Things I don't like about ruby: - two string types, symbol and string, with string being the mutable by default one.

This means given a random thing back from an api, you don't know whether to do thing[:id], thing["id"], or thing.id

This has been acknowledged as a pain point by Matz, which is why in ruby 3 strings will be immutable by default.

- Simultaneously too many names for things and not enough.

Is it .length or .size or .capacity (probably not capacity)? is_a?, kind_of?, or instance_of?? Why can I do .select or .keep_if but not .filter?

- Too many function types.

Do you want a method, a block, a proc, or a lambda? There are subtle differences between each, so choose wisely. I'll note that python suffers from this too (method, function, lambda, comprehension).

- Too much emphasis on magic

Novice rubyists get frequently bitten by all the advanced (and very hard to google) ruby concepts. How do you know what arr.map(&:id) is without already knowing that it's calling symbol.to_proc? How about $1 $? $! (if you know what all these do, you're a better rubyist than I am).
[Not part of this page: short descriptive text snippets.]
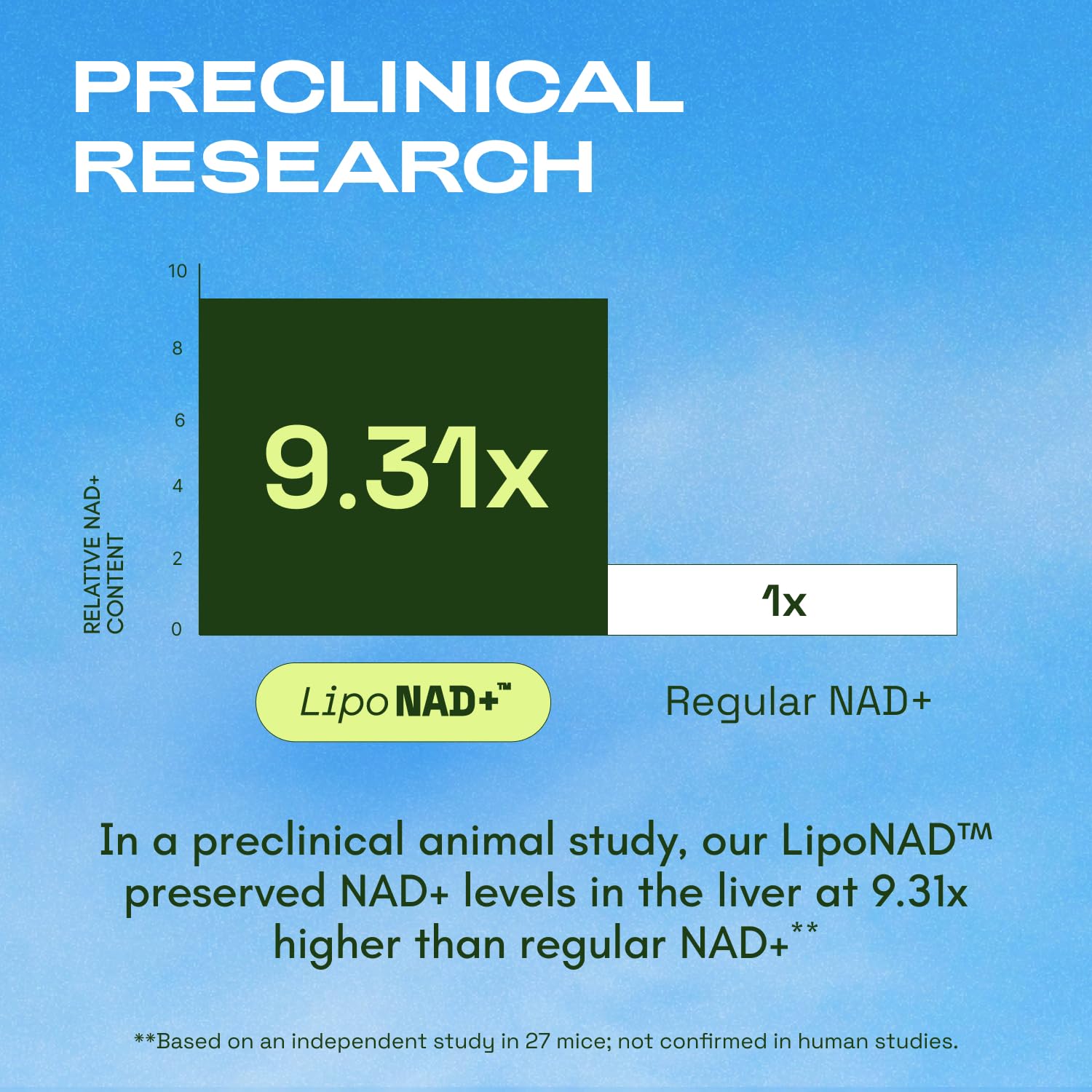 Cata-Kor Liposomal NAD with Resveratrol – NAD+ Support

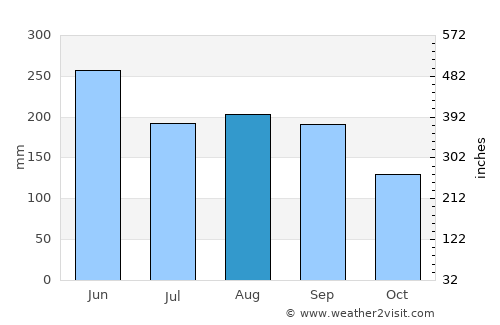 Keelung average rain in August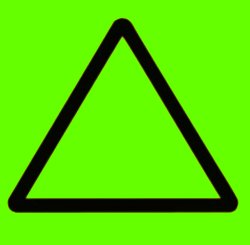 Warning Label Safe Meme Template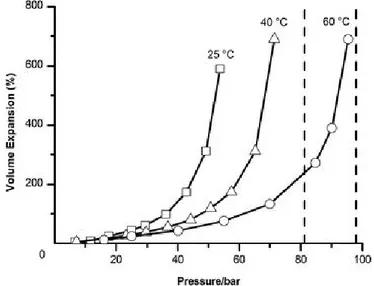 Figure 1.5. Volume expansion of THF with varying CO 2  pressure at different temperatures, 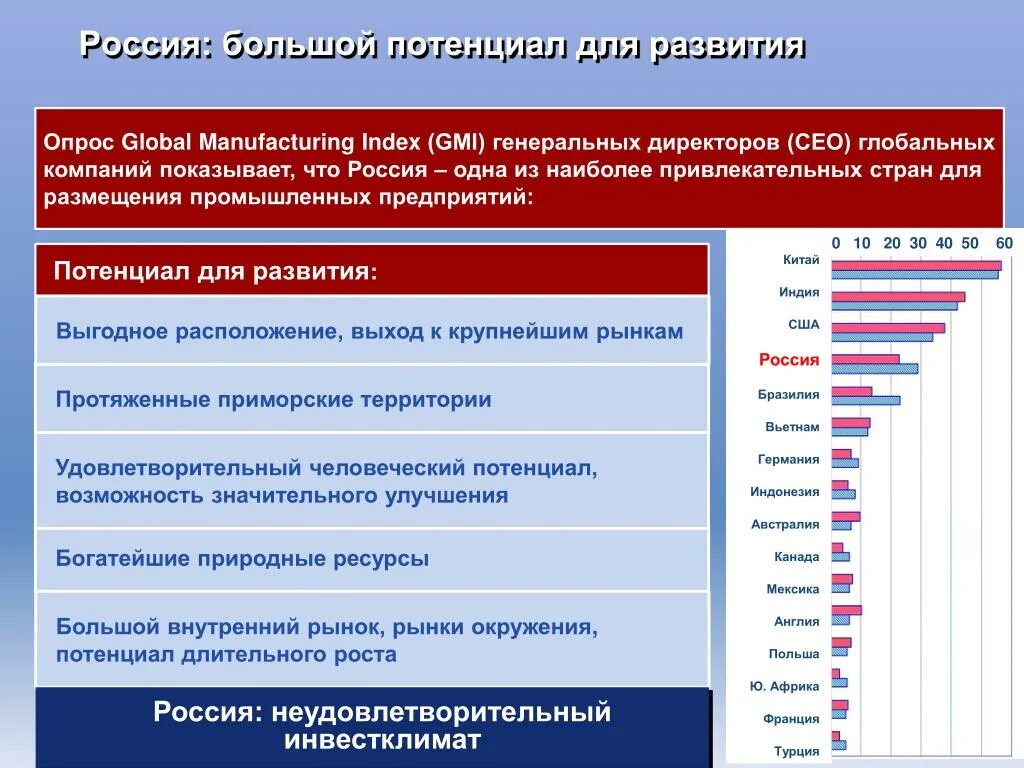 Развитие потенциала. Потенциал развития России. Конкурентоспособность РФ. Внутренний потенциал компании.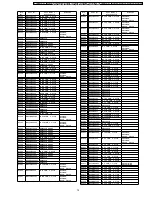 Preview for 75 page of Panasonic PTLB80NTU - LCD PROJECTOR Service Manual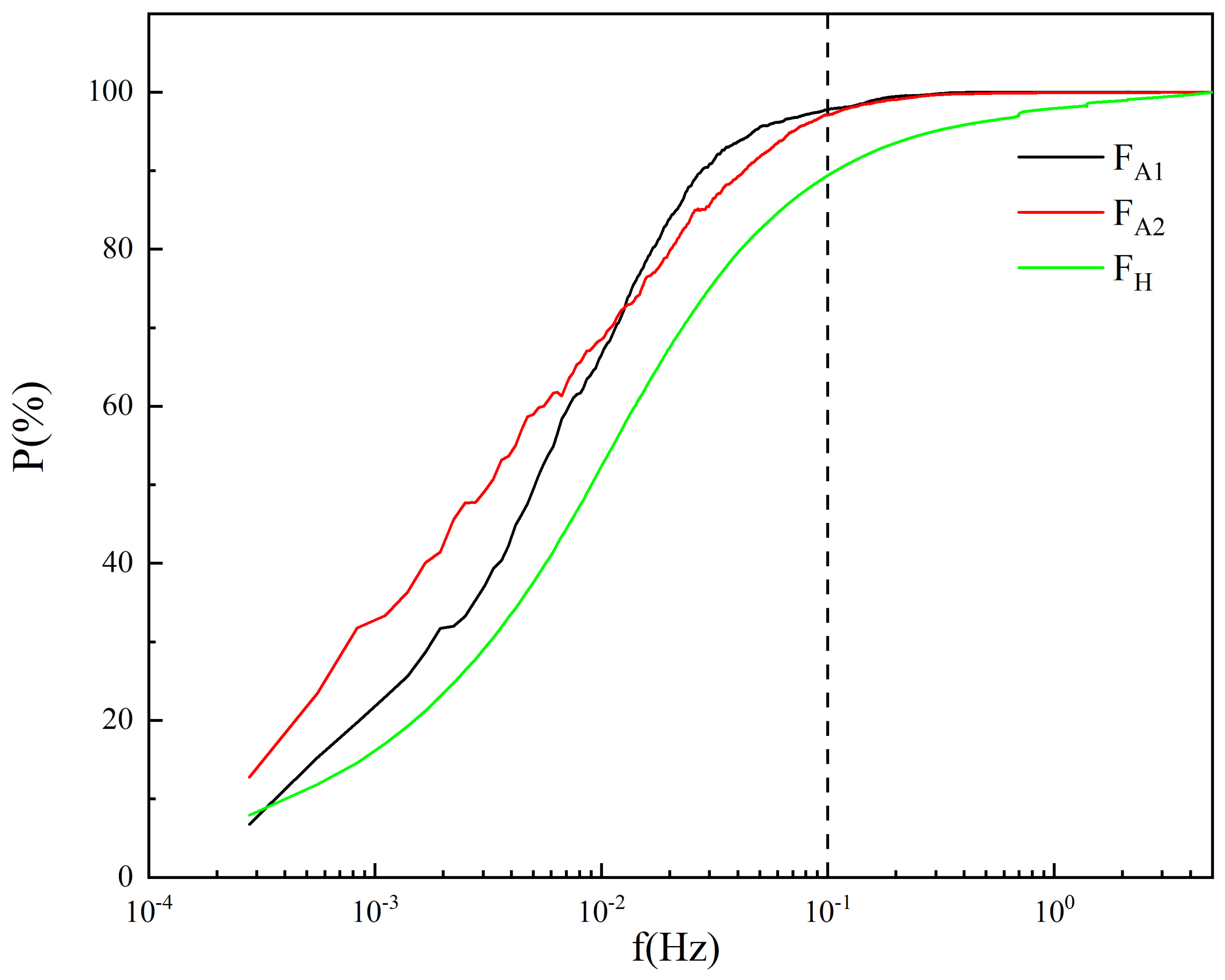 Atmosphere 16 00332 g009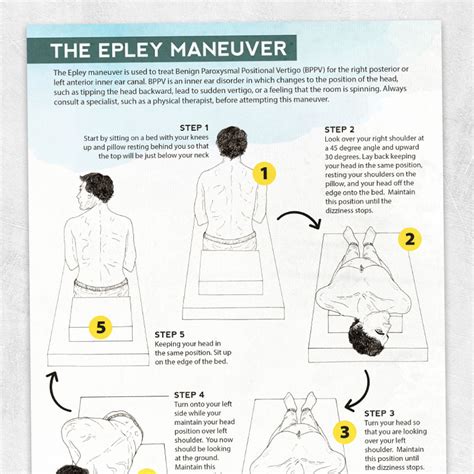 eply maneau instructions right ear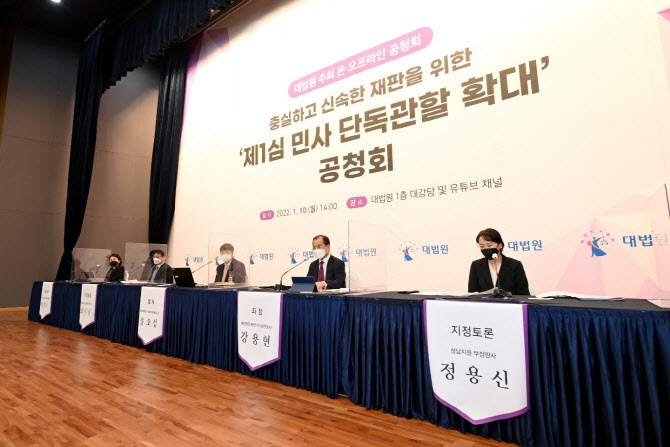 민사단독 관할 확대, 재판부 65개↑ 효과…대법 "사건적체 해결"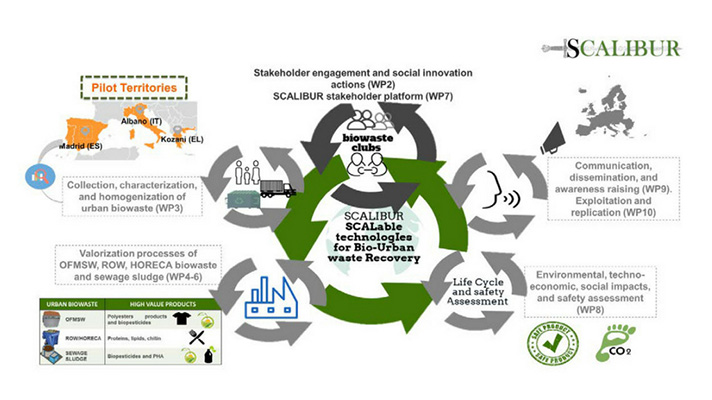 ITENE impulsa la economía circular en Europa con un nuevo proyecto sobre residuos orgánicos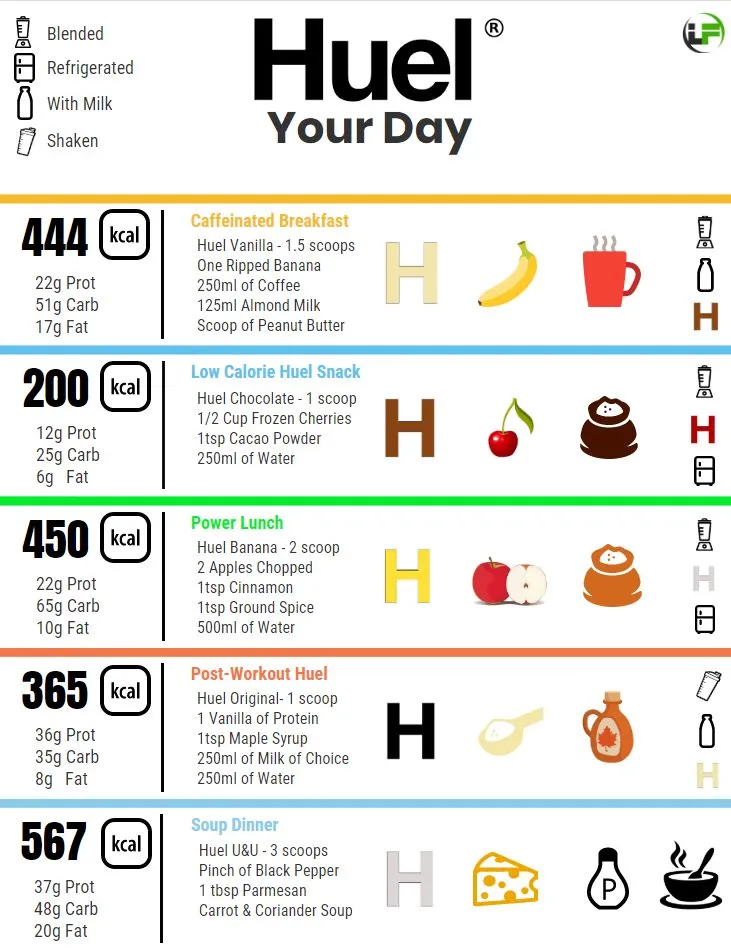 Huel Your day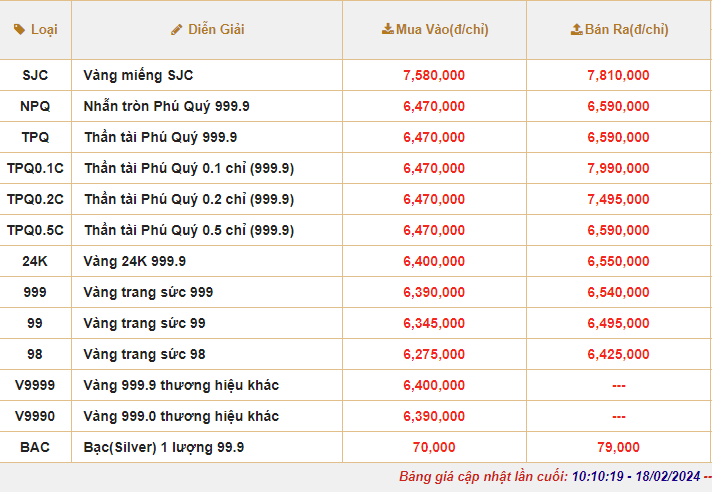 Rất đông người xếp hàng mua vàng ngày Thần tài, loại vàng 0,5-1 chỉ bán chạy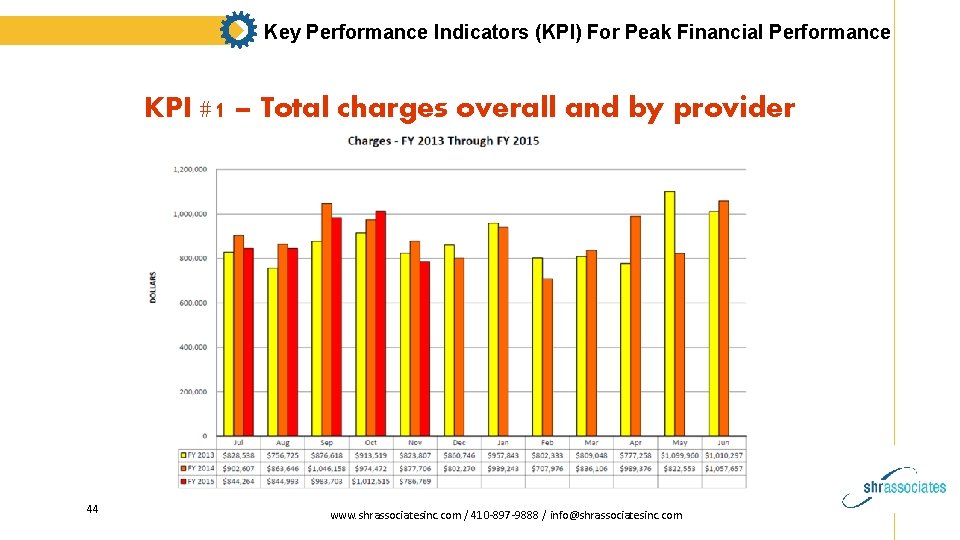 Key Performance Indicators (KPI) For Peak Financial Performance KPI #1 – Total charges overall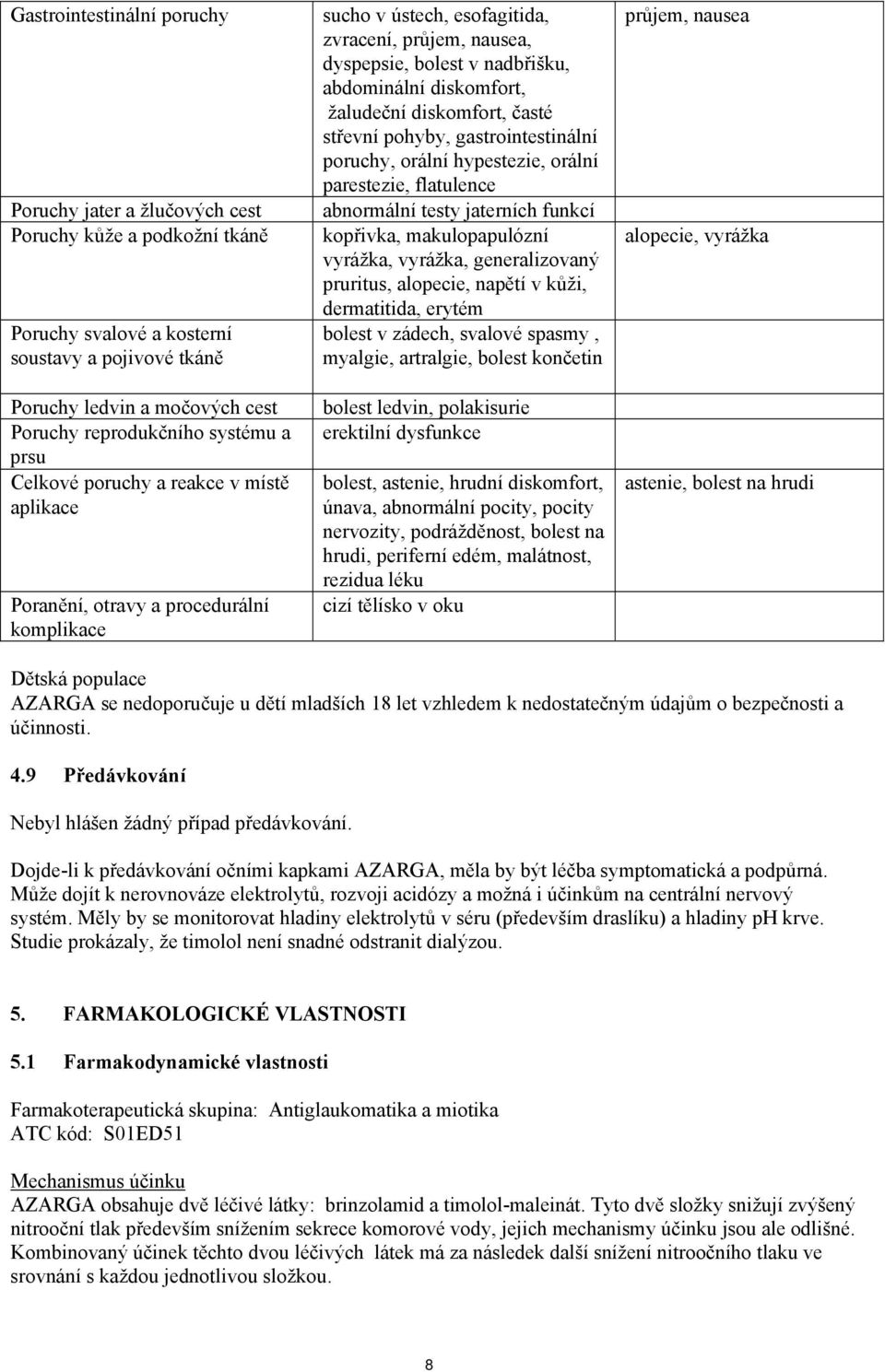 diskomfort, žaludeční diskomfort, časté střevní pohyby, gastrointestinální poruchy, orální hypestezie, orální parestezie, flatulence abnormální testy jaterních funkcí kopřivka, makulopapulózní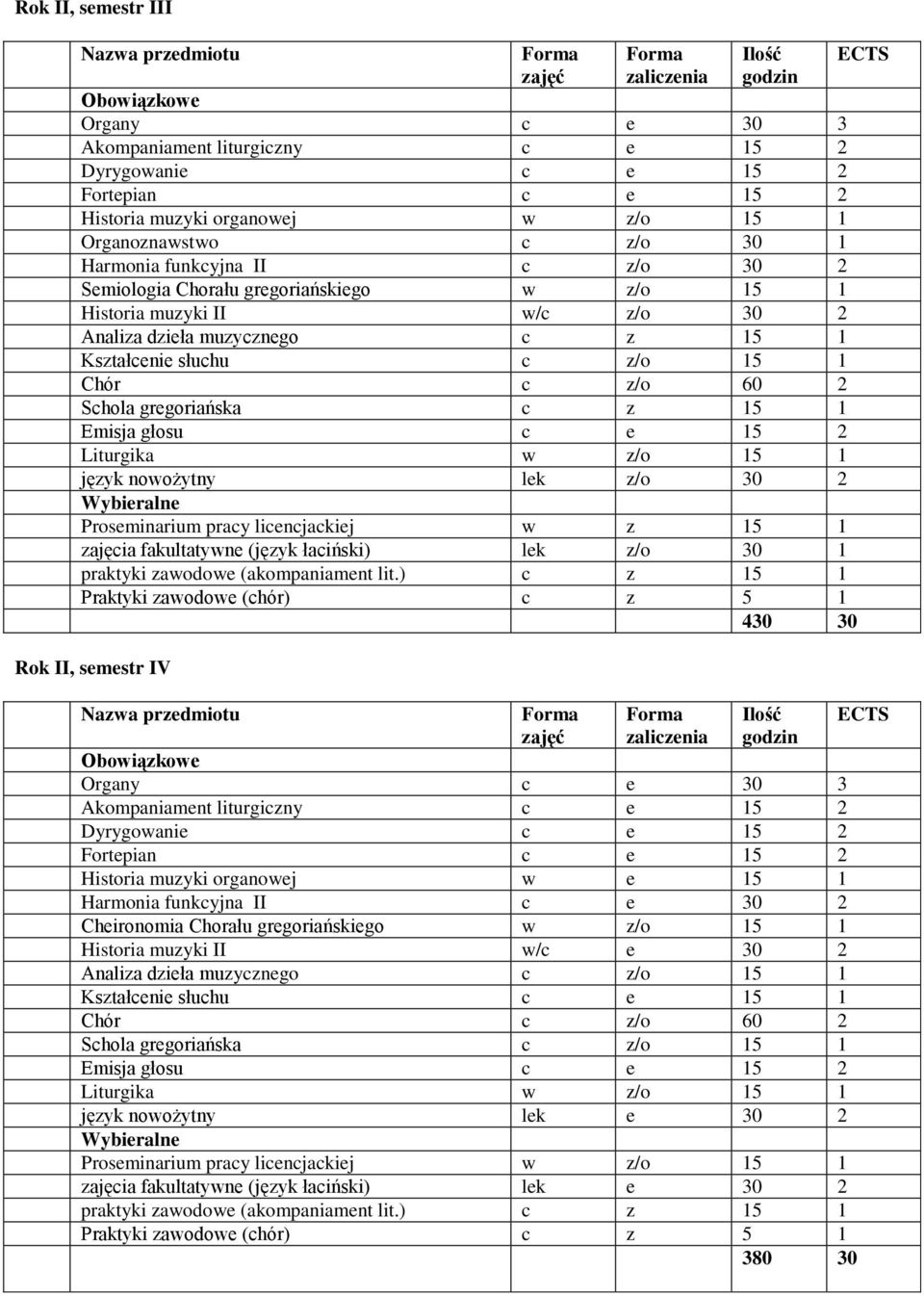 semestr IV Historia muzyki organowej w e 15 1 Harmonia funkcyjna II c e 30 2 Cheironomia Chorału gregoriańskiego w z/o 15 1 Historia muzyki II w/c e 30 2 Analiza dzieła muzycznego c z/o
Since the author of the referenced post criticizes django for being too magical, try rails. In addition to the names of files mattering a ton, there's the routes DSL, the migrations DSL (which is not well specified in the guides), and ActiveSupport, which you only realize you're using when it's gone.

- Horrible error messages

undefined method :[] for nil:NilClass (when you try to get something out of a hash and it's nil) cannot convert Symbol into Integer (this is on an array being returned where a hash is expected) Also, if you get a stack trace, it's completely inscrutable. Python's stack traces (at least ipython's) show you both the line number and the line in question (often with context).